I’m trying to run some sport game simulations and programmatically store the results in the most efficient manner. Even if not strictly necessary for my purpose, I am trying to learn how to do right.
Right now my order of concern here is: Memory > Readability > Speed. I came up with this, which is roughly how I would start out in R using a nested list:
###########################
#### Desired Structure ####
###########################
# -sim1
#   -metrics = {repeat(Float32, 3), Bool}(1x4) 
# 	-lgstats
# 		-rep1 = {Int16, String15, repeat(Int32, 8)}(4x10)
# 		-rep2 = {Int16, String15, repeat(Int32, 8)}(4x10)
#       -[...]
# 	-team1
# 		-pinfo  = {String15, Int8, String3, String3}(30x4)
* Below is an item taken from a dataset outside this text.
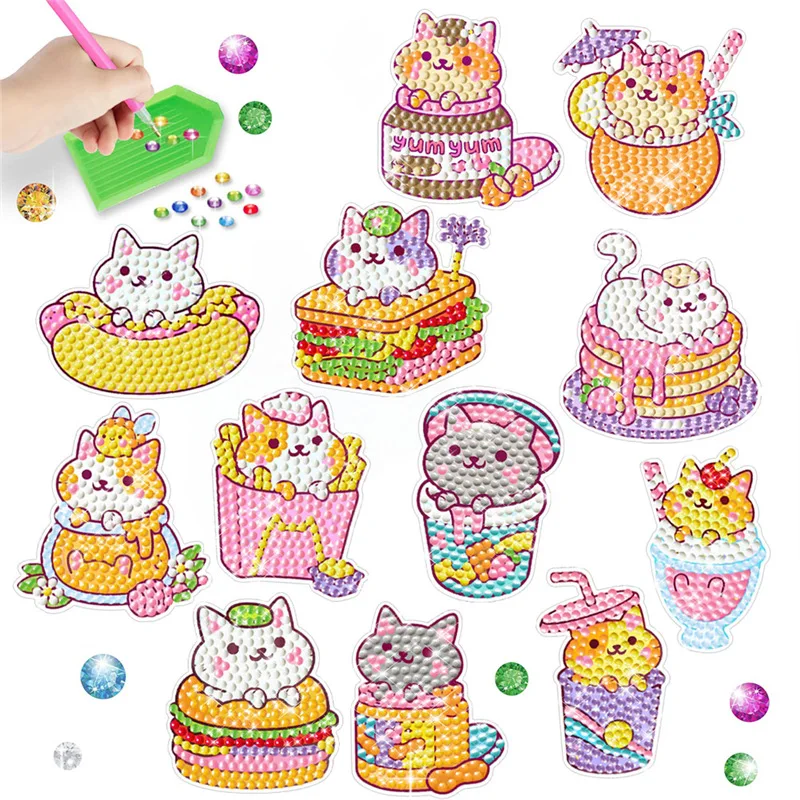 Diamond Painting Cartoon  Cat Burger  Sticking Drills Embroider Handiwork Enthusiast Decoration Schoolbag Best Gifts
# 		-params = {Int8}(30x6)
# 		-pstats
# 			-rep1 = {Int16}(30x7)
# 			-rep2 = {Int16}(30x7)
#           -[...]
# 	-team2
# 		-[...]
#   -team3
#       -[...]
#   -team4
#       -[...]
# -sim2
# 	-[...]
# -sim3
#   -[...]
Each simulation (sim) uses a unique set of player parameters/ratings (params), and is replicated (rep) multiple times per sim step (the output is stochastic).
You can see there are various metrics (rmse, etc) and league-level stats (lgstats). Then for each team there is player info (pinfo) like name/etc, along with the player params and stats (pstats).
After much messing around, I managed to create this:
using DataFrames, InlineStrings
# Variable
nsim  = 3
nrep  = 2
nteam = 4
# Constant (see desired structure)
nmetrics = 4
nplayer  = 30
nlgstats = 10
nparams  = 6
npstats  = 7
# Team-level Tuple
teamres = Tuple{DataFrame,              # pinfo
                DataFrame,              # params
                NTuple{nrep, DataFrame} # pstats,  rep[1:nrep]
                }                       # team1
# Simulation-level Tuple
simres = Tuple{DataFrame,               # nmetrics
               NTuple{nrep, DataFrame}, # lgstats, rep[1:nrep]
               NTuple{nteam, teamres}   # teams,   team[1:nteam]
               }                        # sim1
# Final Result
allres = NTuple{nsim, simres}
When run, it seems to work:
Summary
julia> # Team-level Tuple
       teamres = Tuple{DataFrame,              # pinfo
                       DataFrame,              # params
                       NTuple{nrep, DataFrame} # pstats,  rep[1:nrep]
                       }                       # team1      
Tuple{DataFrame, DataFrame, Tuple{DataFrame, DataFrame}}
       
julia> # Simulation-level Tuple
       simres = Tuple{DataFrame,               # nmetrics
                      NTuple{nrep, DataFrame}, # lgstats, rep[1:nrep]
                      NTuple{nteam, teamres}   # teams,   team[1:nteam]
                      }                        # sim1       
Tuple{DataFrame, Tuple{DataFrame, DataFrame}, NTuple{4, Tuple{DataFrame, DataFrame, Tuple{DataFrame, DataFrame}}}}
      
julia> # Final Result
      allres = NTuple{nsim, simres}
Tuple{Tuple{DataFrame, Tuple{DataFrame, DataFrame}, NTuple{4, Tuple{DataFrame, DataFrame, Tuple{DataFrame, DataFrame}}}}, Tuple{DataFrame, Tuple{DataFrame, DataFrame}, NTuple{4, Tuple{DataFrame, DataFrame, Tuple{DataFrame, DataFrame}}}}, Tuple{DataFrame, Tuple{DataFrame, DataFrame}, NTuple{4, Tuple{DataFrame, DataFrame, Tuple{DataFrame, DataFrame}}}}}
But I cannot figure out how to:
- 
Name the elements of these tuples (I could not get NamedTuple{} to work here). 
- 
Preallocate dataframes of the desired sizes and types. 
- 
Programmatically add my data to this DataType I created. 
And perhaps this is the totally wrong way to go about it. Please tell me if so, because I don’t know what I’m doing here. But even then, I would be interested in knowing how to make this method work (or why it won’t).